苦手な女優と苦手な原作の映画をわざわざ見に行く気はなかったのですがネットを見てるとあまりの絶賛の嵐にちょっと気になってやっぱり行ってみた、岨手由貴子監督『あのこは貴族』
内容的には「日本人貴族がなんかごちゃごちゃ言うとるな」としか言えないんですけど、演出的脚本的には極めて可もなく不可もなく、めちゃくちゃ「普通」。ってかこれが「普通」じゃなきゃヤバイでしょ日本映画。ほんでこれを「大傑作!」とか大絶賛してる人たち(特に男)、君たちがこの監督を殺すんだよ。いい加減気付けよ。
なので特に不愉快にもならず安定した気持ちで見れたのですが、ひとつめっちゃ引っ掛かったのが、この石橋静河のキャラ、めちゃくちゃウザくない?友だちの超個人的な問題に下世話に介入してきてワケ知り顔で勝手に持論を展開する女(修羅場になったらどうするつもりやってん)、私がこの場にいてたら絶対コーヒー(かアールグレイ)ぶっかけるわ。
なんてね。
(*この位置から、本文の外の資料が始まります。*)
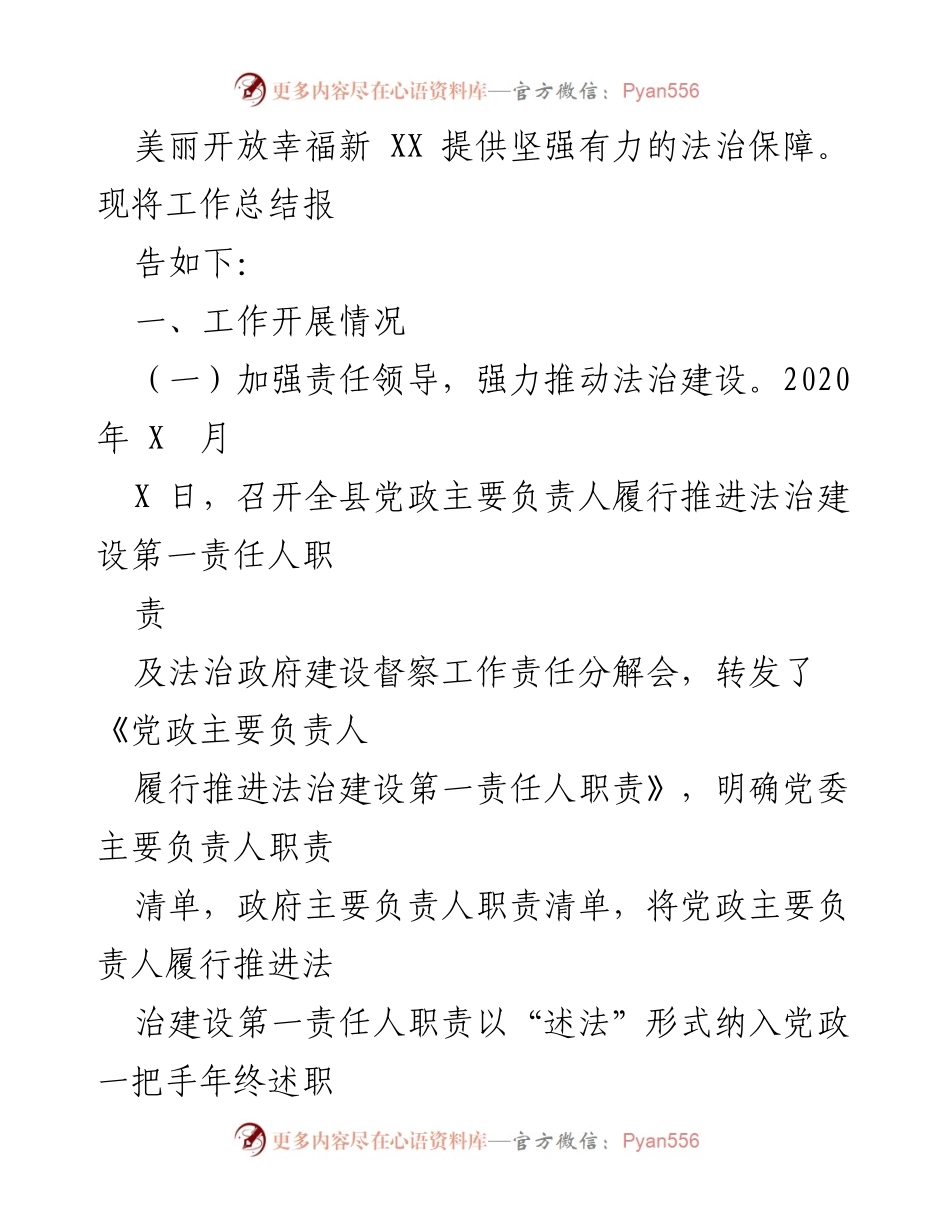 [工作总结] 法治政府建设 - XXX县法治政府工作情况总结报告.docx_第2页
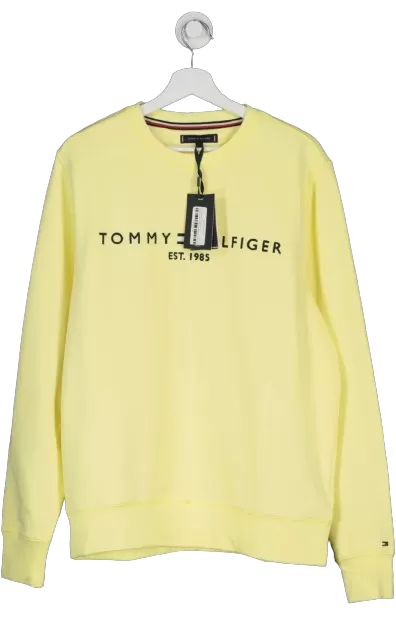 Tommy Hilfiger Yellow Logo Sweatshirt Bnwt UK L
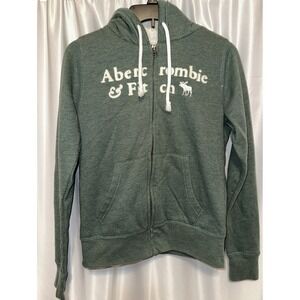 Abercrombie And Fitch Sweatshirt Childs Size XS Green Hooded Full Zip Pockets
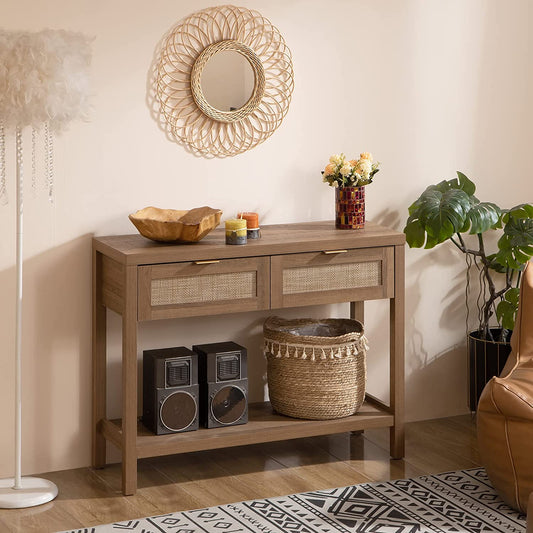 Vintage Console Table,Rattan Decor Drawer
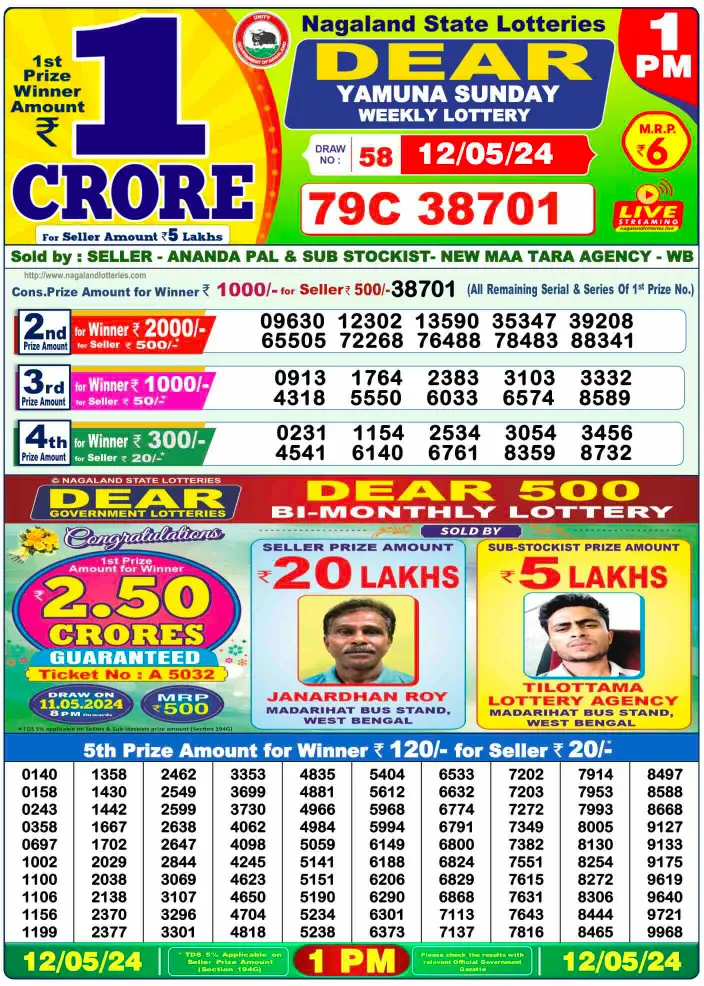 Dear Daily 1Pm Result Lottery 12 May 2024 All India Lottery Results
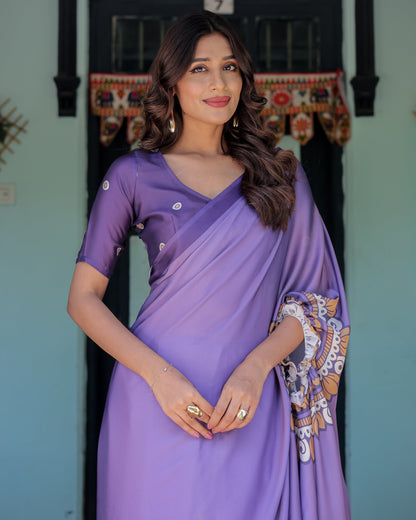 Lavender Purple Satin Georgette Saree with Earthy Mandala Print & Printed Pleats | Handsfree Loop Drape
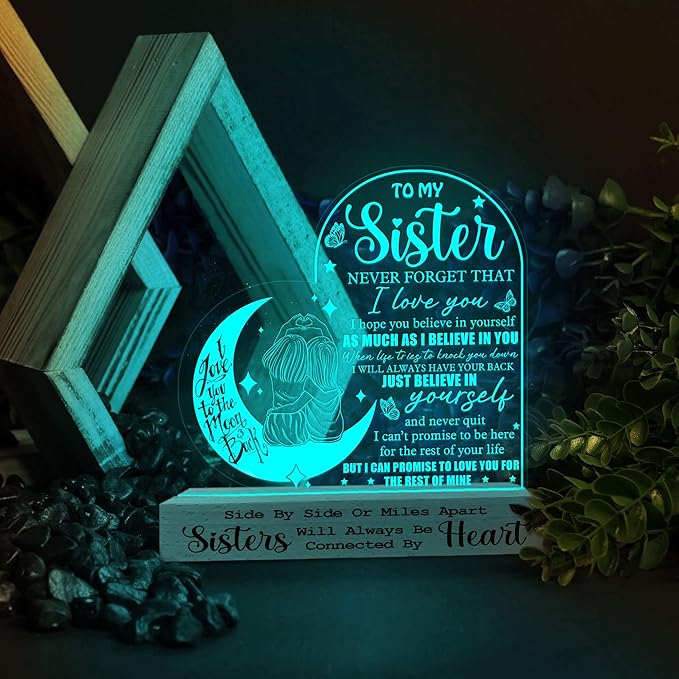 to My Sister 3D Illusion Lamp, Sister Gifts from Sisters, Sister Birthday Gifts from Brothers, Best Sister Ever Acrylic Night Light, Gift for Sister on Wedding Anniversary Christmas Valentine - LeafyLoom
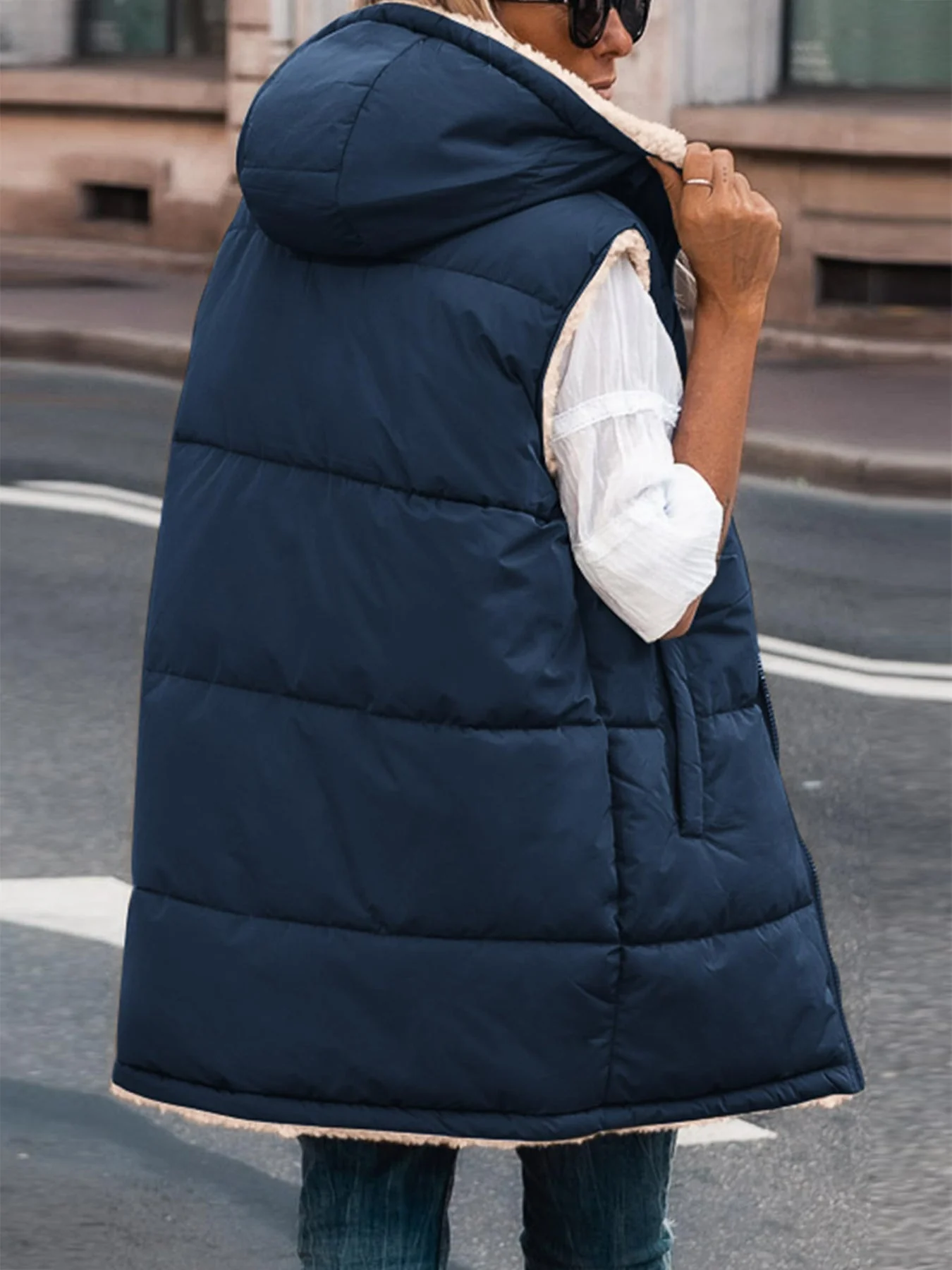 PRETTYGARDEN Womens Fall Reversible Vests Sleeveless Fleece Jacket Zip Up Hoodie Pockets Long Warm Winter Coat Outerwear - Image 64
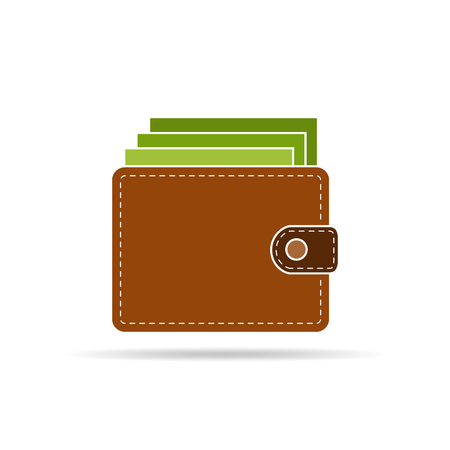 Brown wallet with green paper money, isolated on white background. Wallet in flat design. Vector illustration.のイラスト素材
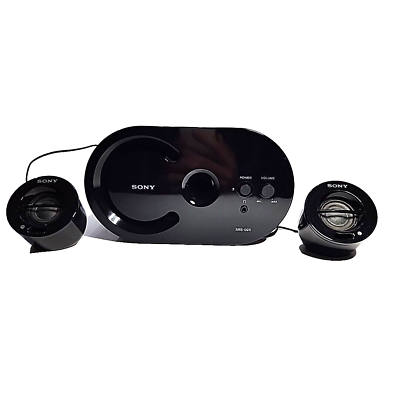 #ad Sony SRS D25 Active Desktop Speaker System 2.1 Black 2008 Tested and Working $39.98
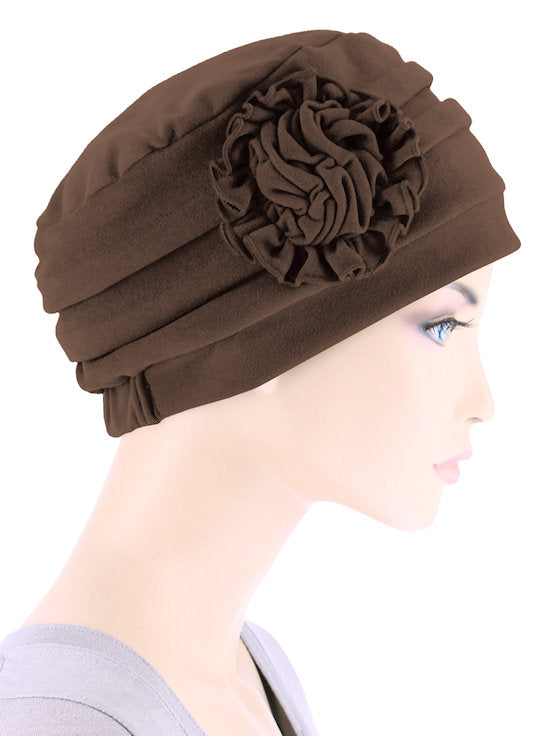 H158-BROWN#Pleated Winter Hat Fleece Lined Brown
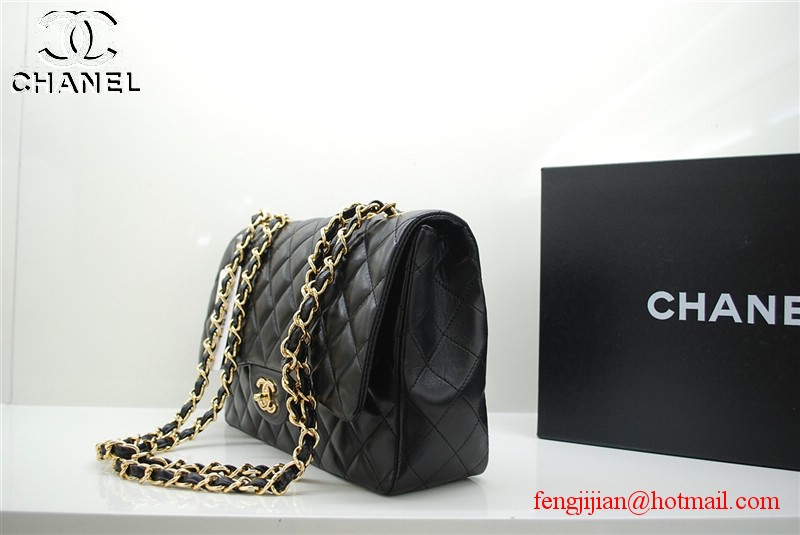 Chanel Jumbo Caviar Flap Bag 36076 Black gold chain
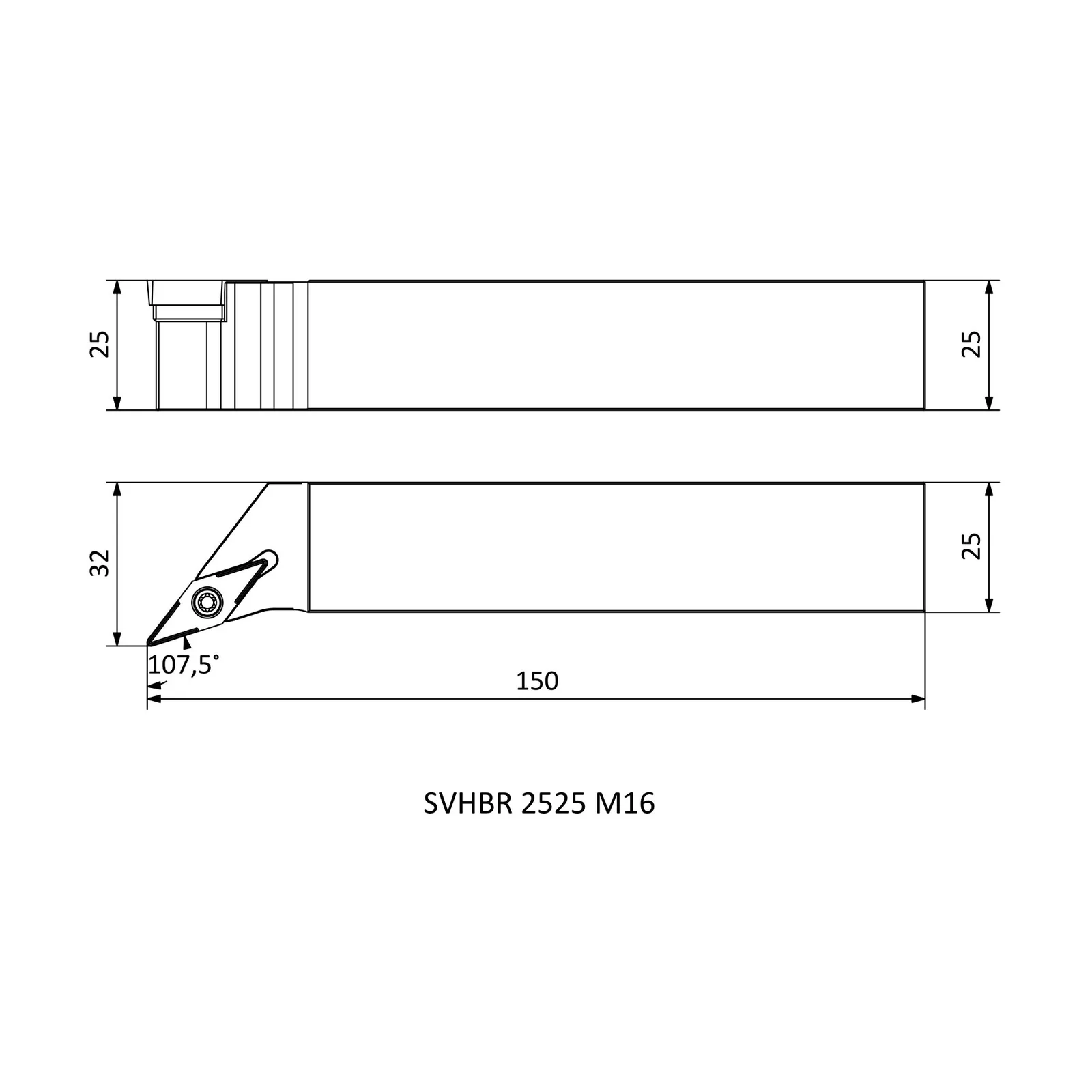 SVHBR 2525 M16 &mdash; dimensioned drawing
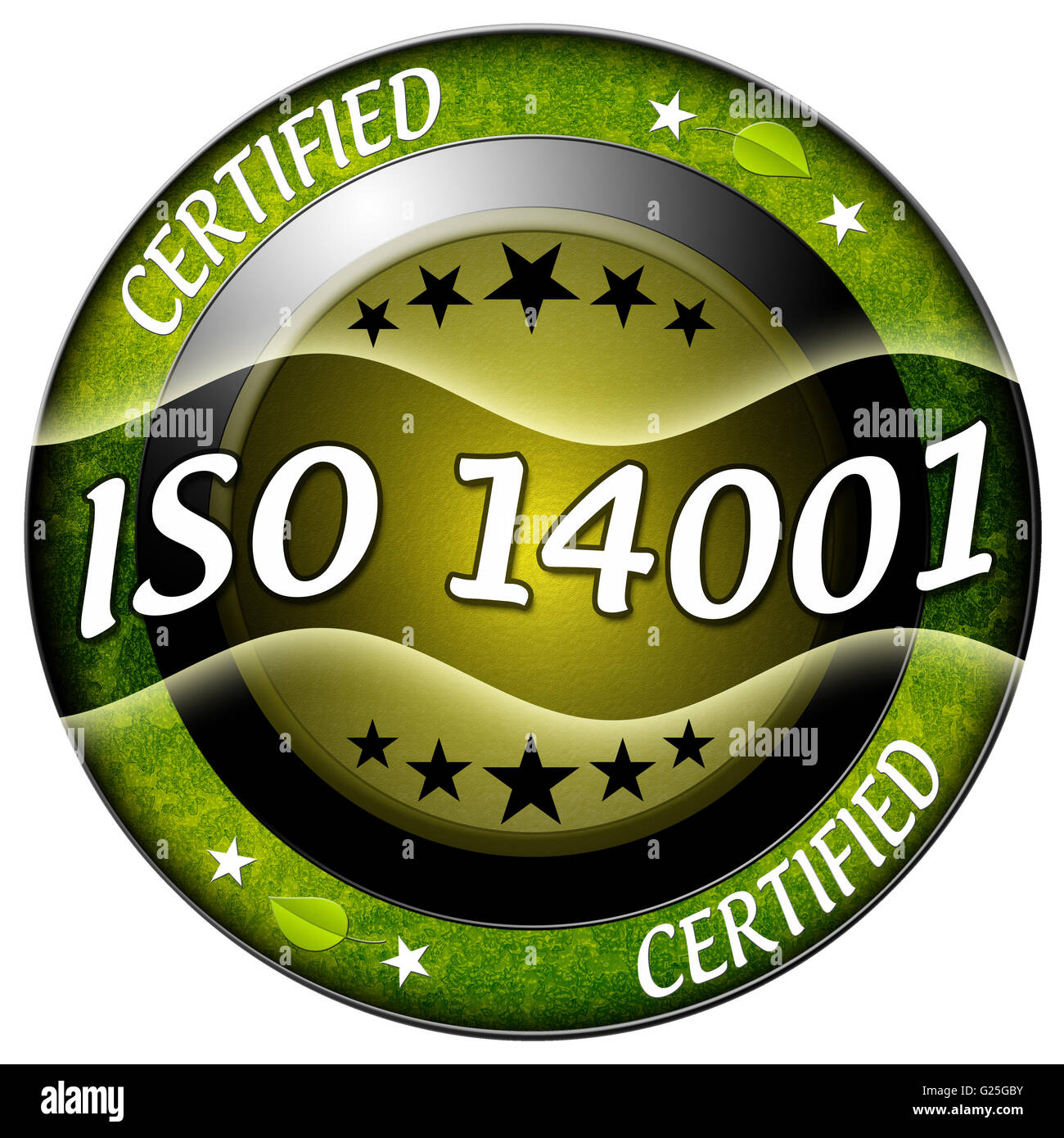 ISO 14001 Runde grüne Symbol isoliert Stockfoto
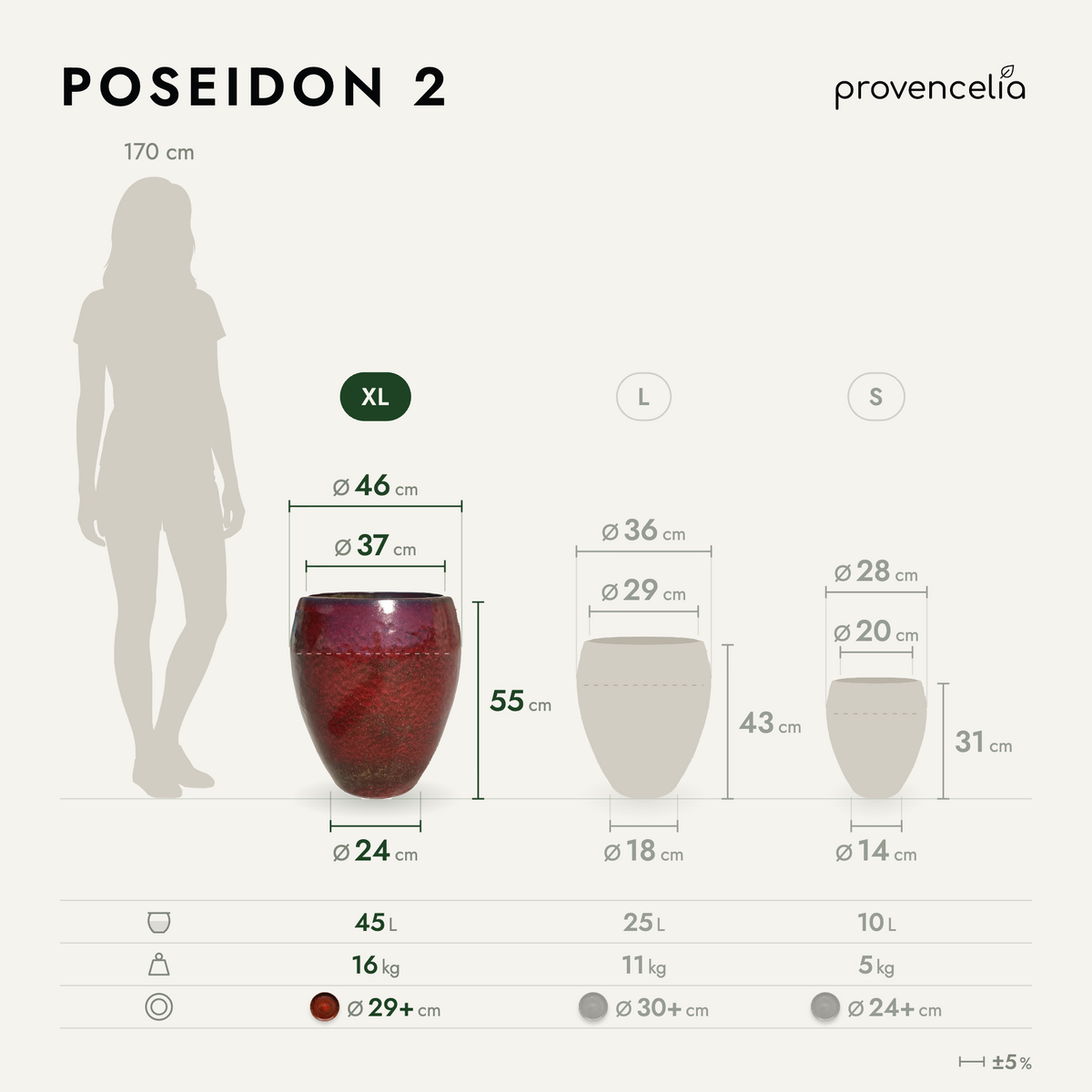Round POSEIDON2 planter 46 × 55 cm Brick Red glazed ceramic, dimension and capacity diagram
それでも一応元在日貴族として感じたこともあって、『花束〜』を見たときと同じ、本当にこの国は貧しくなったんだなあとさすがにちょっと辛かった。希子とリオの「みんなの憧れで出来ている幻の東京」というセリフに、ああもう言い切っちゃうんだ、この街には夢も希望も本当にないんだ…としんみりしてたら、とどめにあの東京タワー。私、あんなにかっこよくない東京タワー初めて見た。切ないね。
でもそういう東京の姿を、バカ写真家監督みたくキラキラインスタ映えに見せるわけでも、理解者ぶって貧困者搾取にするわけでもなく、極めて冷静な距離感で捉えている監督の視線は肯定的な意味で現代的で、良いなと思いました。門脇麦はいくらなんでも白塗りが過ぎるんじゃないかと思いました。このラストにはだいぶ「??」となりました。